On Boxing Day I was walking along the beach and could not help but think about all those times in the past when I had done the same, on other beaches.
I grew up in Poole, on the south coast, and beach walks were
part of my childhood, especially in winter. One of our favourite outings
involved a short drive to Canford Cliffs and then a walk down the zigzag cliff
path on to the beach.
On a fine winter’s day, with a stiff breeze blowing, the
sand would blow along just a few inches above the surface and sting your lower
legs just enough to get the blood-flow going and make you feel truly alive. We
would walk into the wind for just long enough to make us feel that we had
earned the right to get blown back along to where we had started.
The view on a fine day was much clearer than it would be in
summer. You could see right round the Bay, from Old Harry on one side right
round past Bournemouth Pier to the low headland of Hengistbury Head, with the
white cliffs of the Isle of White in the far distance. This is a view that many
people reckon to be one of the best in the country, but for us it was home and
we took it for granted.
The main difference between winter and summer on the beach
was the absence of crowds of people in winter, although there were always other
families on the winter beach, doing exactly what we were doing.

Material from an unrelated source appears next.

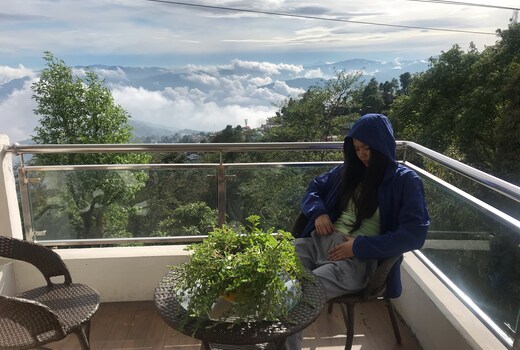 Hilltop Hideaway | Mountain-view Rooms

A Boxing Day walk was always noticeable for young children
wearing matching stripey hats, gloves and scarves that had presumably been
unwrapped the day before, as had various toys such as push-along dogs and kites
that were being flown for the first time.
Everyone was in a good mood, and that seemed to apply to
dogs (the real ones!) as well as people. Given their freedom, the dogs would
charge across the sand, sometimes rushing a few feet into the sea before
dashing out again and running across to talk to any other dogs that might be
sharing the beach with them, followed by trying to introduce themselves to the
owners of said dogs. Distant calls to return to their masters would be ignored
at first but then complied with as they ran back at full tilt. Fulsome
apologies would be offered when the two families met, but these were never
necessary – the incidents were always laughed off in the friendliest way
imaginable.
On days when the wind was less strong and the sea relatively
calm, we would try our hand at “ducks and drakes”, always assuming that we
could find enough suitably shaped pebbles. I have to admit that this was never
a game at which I excelled, although my father seemed to be quite good at it
and able to make a stone bounce on the sea five or six times before sinking. The
beaches inside Poole Harbour, such as the one at Hamworthy Park, were a better
bet for this game, given the generally flat surface and the larger number of
available flat pebbles.
So that was my state of mind as I took my Boxing Day walk
many years later. This place was much the same as it had been half a century
before, and probably another half-century and century before that. Presumably
it would be just the same in a hundred years’ time, although that cannot be
guaranteed given the projections of climate scientists in terms of possible sea
level rises due to global warming.
This sense of stability made me feel at peace with the world
and with myself. This was a simple place – the beach sloping down to the sea –
the waves breaking on the shore, just as they had done on beaches all over the
world for millions of years – the seabirds wheeling in the sky above me. If the
world could carry on performing such straightforward rituals as tides rising
and falling and winds blowing sand along beaches, then why can’t humans live
their lives along similar lines? Why do we have to make things so complicated
for ourselves?
OK – that’s a naïve thing to say, and there are all sorts of
reasons why human life in the 21st century is far from simple. But
it was a comforting thought while it lasted!